教皇殿内,千道流、阿银、菊斗罗、鬼斗罗早已等候。神色肃穆。
“爷爷,干妈,你们怎么都在这里?”千仞雪踏入殿中,看到众人齐聚,不禁有些讶异。
千道流的目光越过她,落在紧随其后的古月娜身上,眼眸微微一凝:“武魂殿有贵客临门,我们自然要在此等候。”
早在古月娜踏入武魂城的刹那,供奉殿的天使神像便发出细微的震颤。
千道流凭借与神像的感应,瞬间探查到两股惊人的气息。
一名货真价实的神祇,一名半步神祇。

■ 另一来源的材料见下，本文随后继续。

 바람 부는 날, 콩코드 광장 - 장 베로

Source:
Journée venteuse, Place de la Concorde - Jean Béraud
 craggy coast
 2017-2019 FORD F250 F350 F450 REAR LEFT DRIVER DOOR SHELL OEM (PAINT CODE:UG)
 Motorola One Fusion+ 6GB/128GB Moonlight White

这般阵容,由不得他不重视。
他更以虚空镜窥得几人沿途对话,知晓他们会来教皇殿,故而早早在此静候。
“天使大祭司。”古月娜抬眸,瞳孔平静无波,语气听不出喜怒。
“父亲,这位是古月娜,这位是帝天。”千寻疾上前一步,语气郑重,“是我邀请他们加入武魂殿,担任荣誉供奉。”

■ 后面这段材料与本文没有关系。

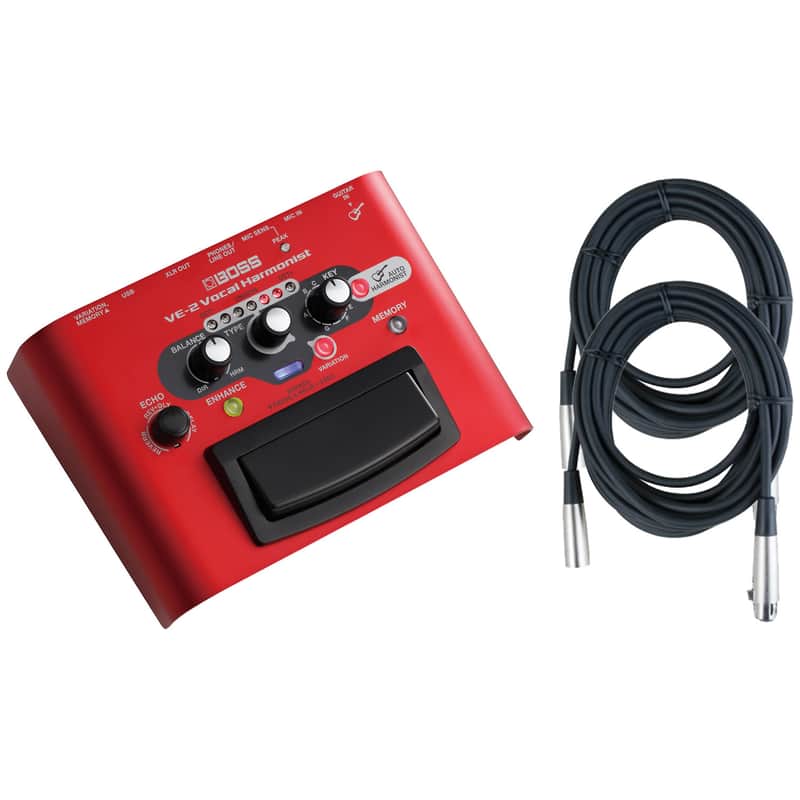 Boss VE-2 Vocal Harmonist Multi-Effect Unit | Reverb Boss VE-2 Vocal Harmonist Multi-Effect Unit | Reverb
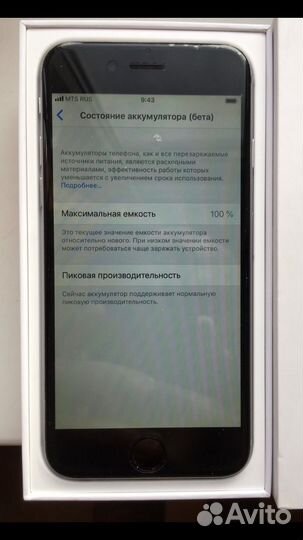 iPhone 6, 64 ГБ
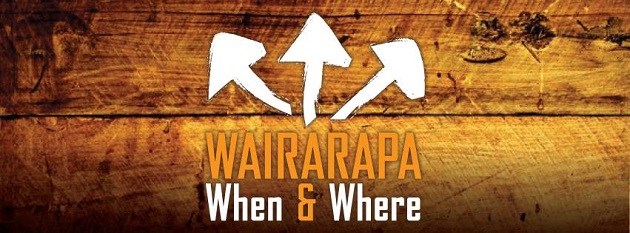 When and Where Wairarapa Banner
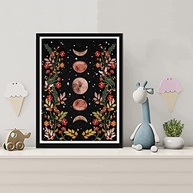 Pacote com 2 Kits de Pintura de Diamante 5D para Adultos - Floresta de Cogumelos com Pedras Redondas - imagem 4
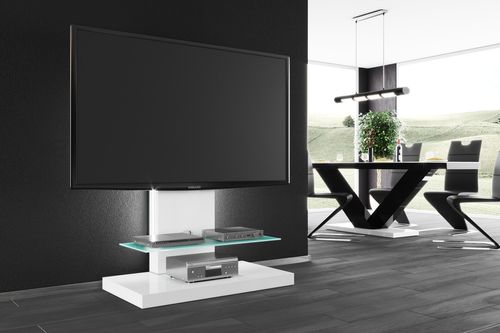 Design TV Schrank HN-444 Hochglanz TV Rack TV Möbel Fernsehtisch TV Ständer alt-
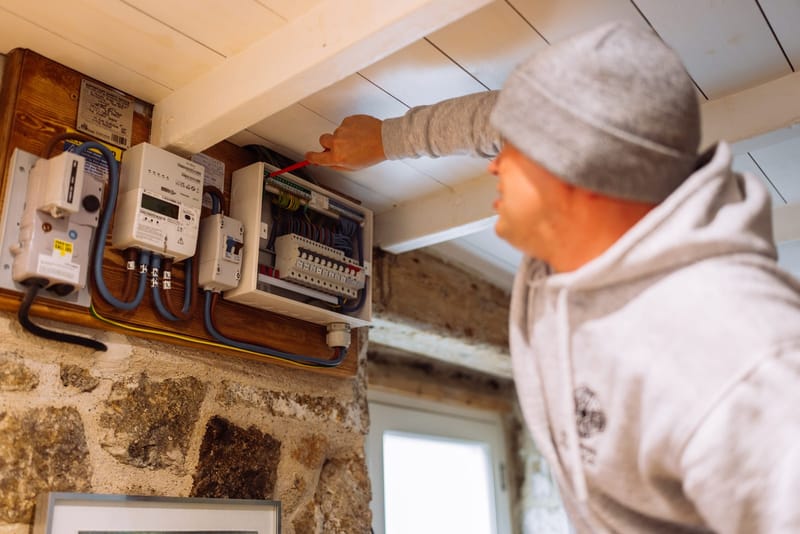 Full House Rewire in Newlyn Granite Terrace — house rewires in newlyn, photo 4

千道流颔首,依次介绍:“这位是我父亲,千道流,武魂殿大供奉。这位是我妻子,阿银。这两位是鬼斗罗、菊斗罗,教皇殿的护殿斗罗。”
古月娜微微颔首,神色间带着疏离与傲慢。
帝天则抱拳示意,动作简洁,仅具象征意义。
面对古月娜的态度,菊斗罗与鬼斗罗皆眼观鼻、鼻观心,一言不发。
两人已近百岁,这点眼力还是有的——这种层级的交锋,轮不到他们置喙,不该看的不看,才是明哲保身之道。
“疾儿,你这是?”千道流暗中传音。
“父亲,此事说来话长。”千寻疾回以传音,“您先带他们去供奉山,分配两间闲置的殿宇吧。”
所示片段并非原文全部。